I’m trying to load data from a table with 1 column partitioned to a new table that has 2 partitioned columns, with the newer partitioned column being a regular column from the first table.
For example the create table statements (simplified and changed for understanding):
CREATE EXTERNAL TABLE `house`(
`color` string,
`size` string,
`owner` string)
PARTITIONED BY (
`dt` date)
CREATE EXTERNAL TABLE `house_new`(
`size` string,
`owner` string)
PARTITIONED BY (
`dt` date, `color` string)
I have a simple insert query like this:
INSERT OVERWRITE TABLE `house_new` PARTITION (`dt`='2018-06-10’, `color`)
SELECT
`size`,
`owner`,
`color`
FROM house
WHERE `dt`='2018-06-10';
So this runs all the way and says the job was successfully completed in both terminal and the Tez UI. Even during the whole process I can see files actually being populated in the tmp/staging folders on S3 with all the correct partitions.
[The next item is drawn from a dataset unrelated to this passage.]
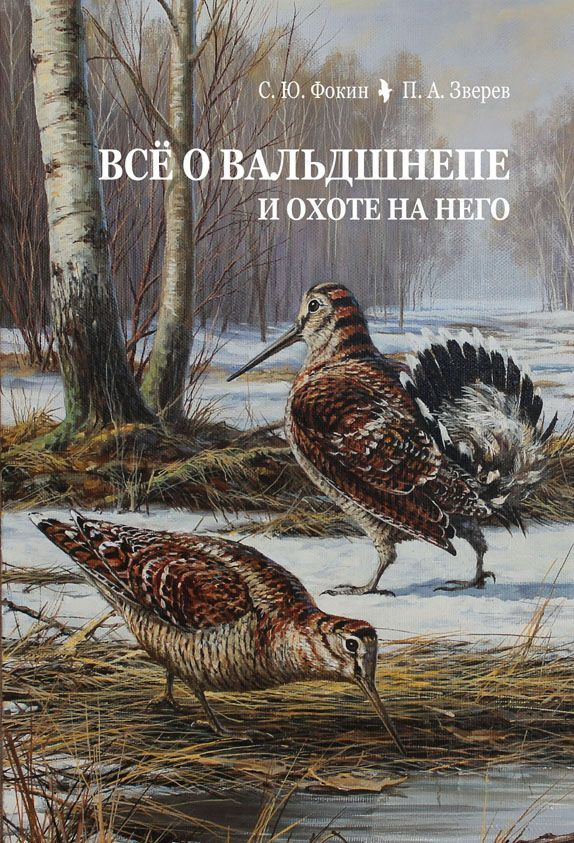 Всё о вальдшнепе и охоте на него | Фокин Сергей Юрьевич, Зверев Петр Анатольевич  #1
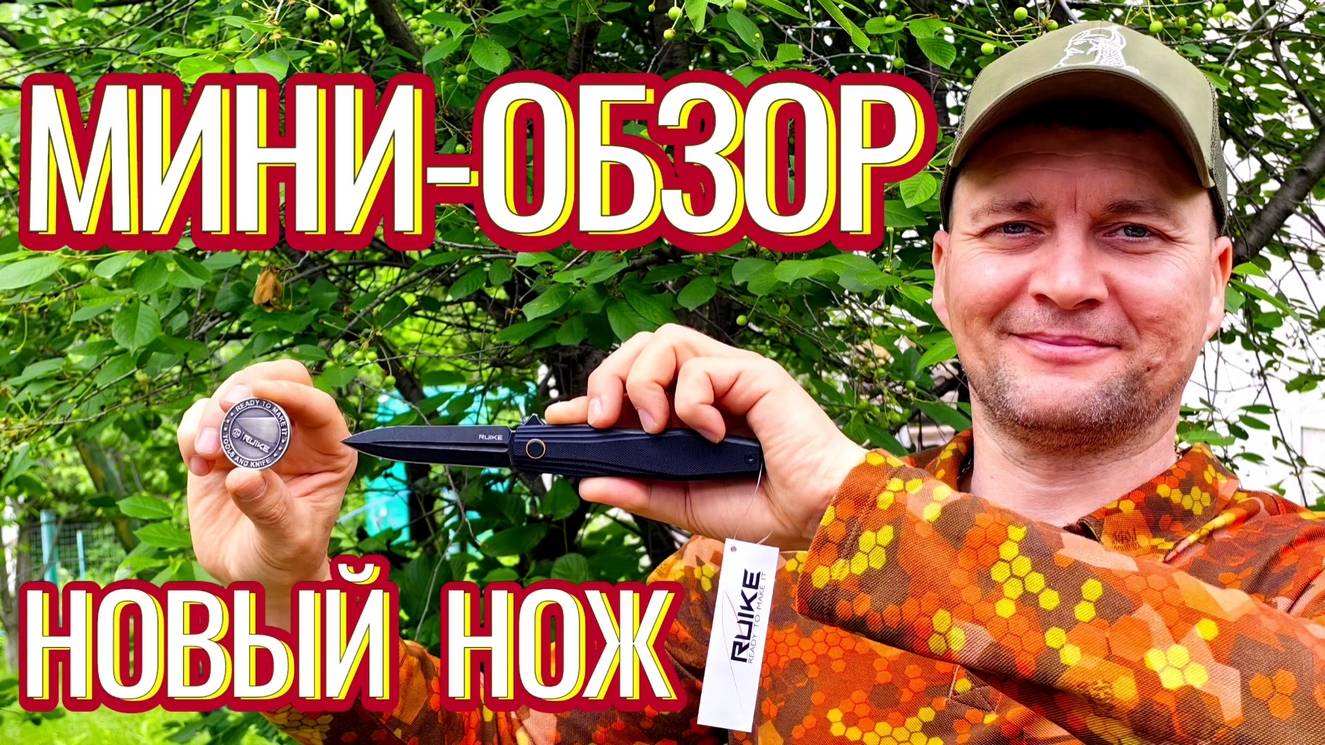 Обзор на новый нож!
However when it finally finishes no files are actually written and all the temporary files are deleted.
Hard coding the partitions (static partitioning) works, and also dynamic partitioning from a 1 partitioned column table to another 1 partitioned column table works. Going from a 1 partitioned column table and trying to derive the 2nd partition from the 1st table does not work.